[Problem statement] In the data below, find the line with "Wynonna Judd JSA" and the line with "Red Vintage Turkish Rug - Thumbnail", then restate both and every line between them exactly, minus the pictures.

[Dataset content]
■ ■ ■
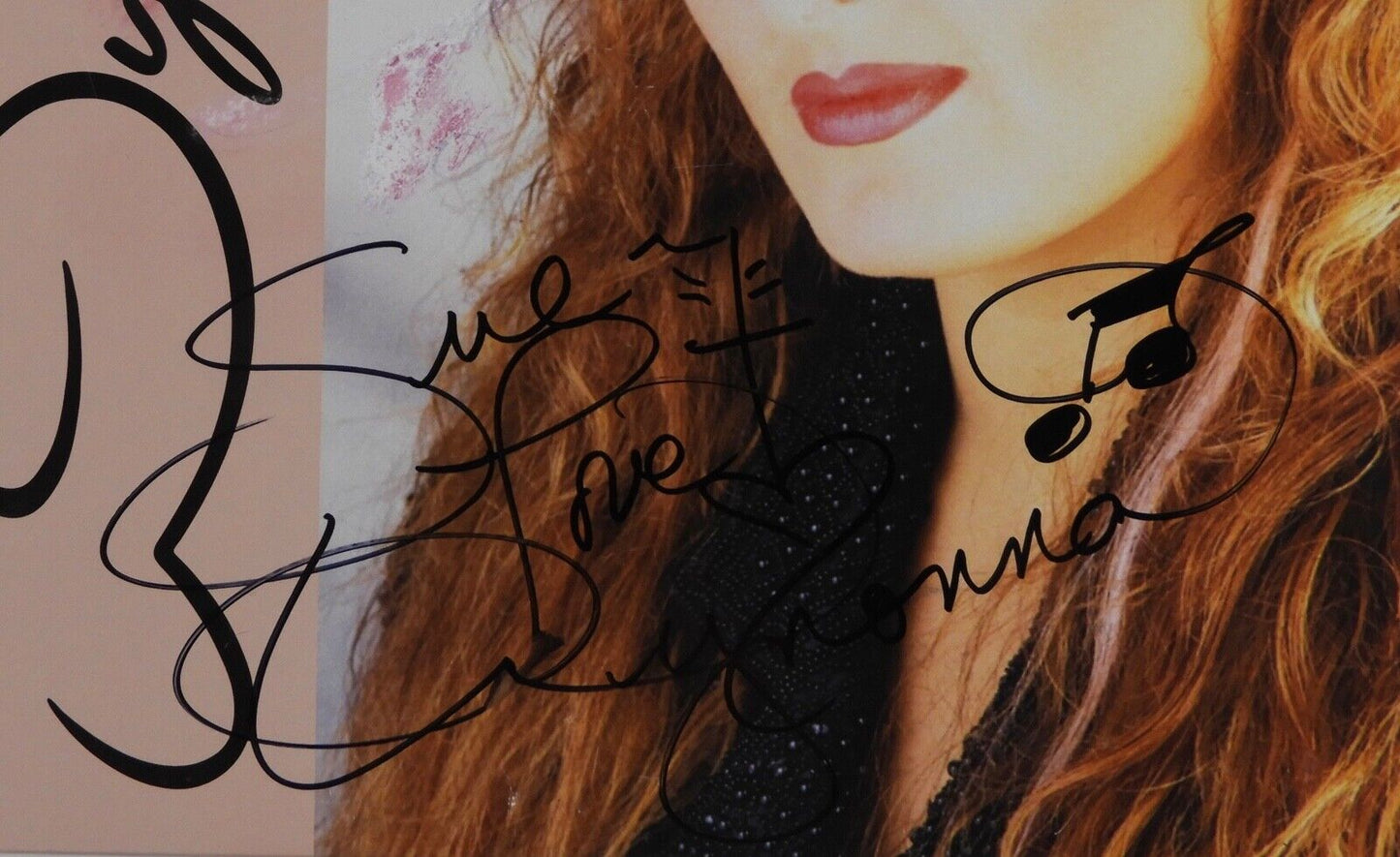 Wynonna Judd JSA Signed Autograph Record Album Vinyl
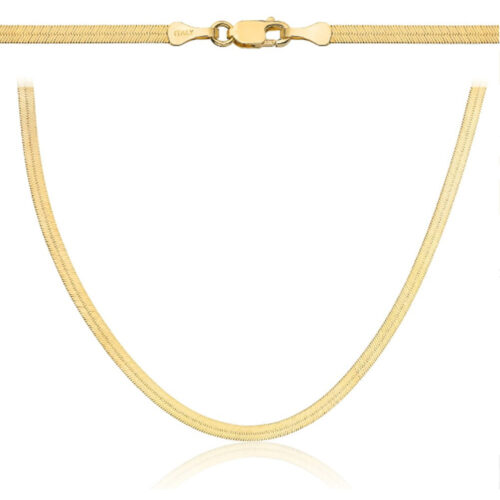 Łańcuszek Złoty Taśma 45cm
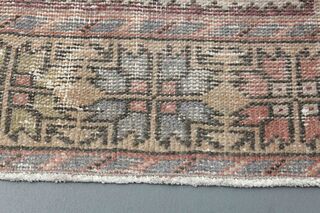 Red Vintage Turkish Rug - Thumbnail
■ ■ ■
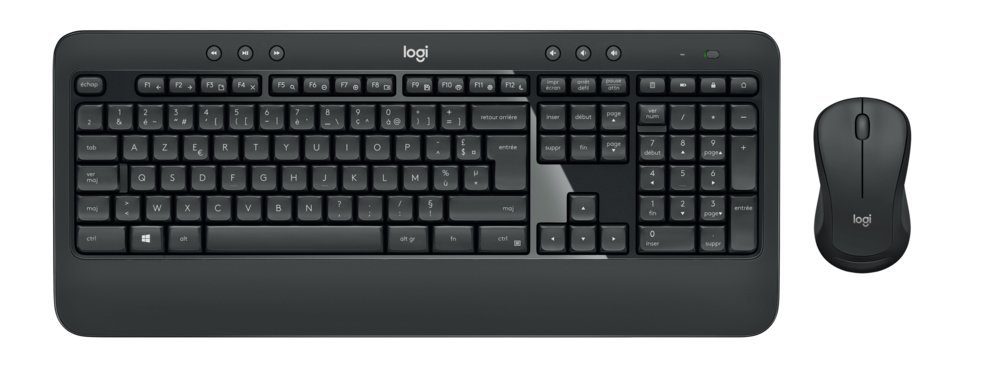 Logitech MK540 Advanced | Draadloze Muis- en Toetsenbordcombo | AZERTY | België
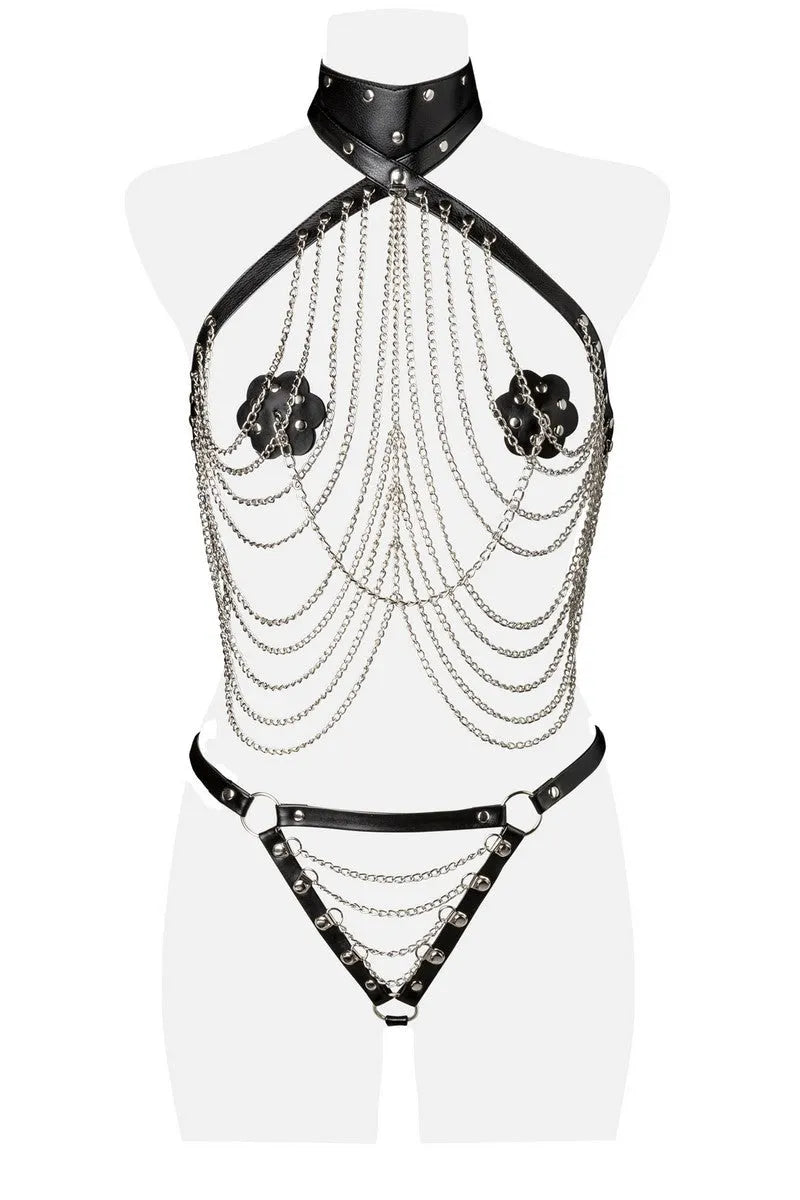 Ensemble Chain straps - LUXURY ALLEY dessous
■ ■ ■
[Output below]
 Wynonna Judd JSA Signed Autograph Record Album Vinyl
 Łańcuszek Złoty Taśma 45cm
 Red Vintage Turkish Rug - Thumbnail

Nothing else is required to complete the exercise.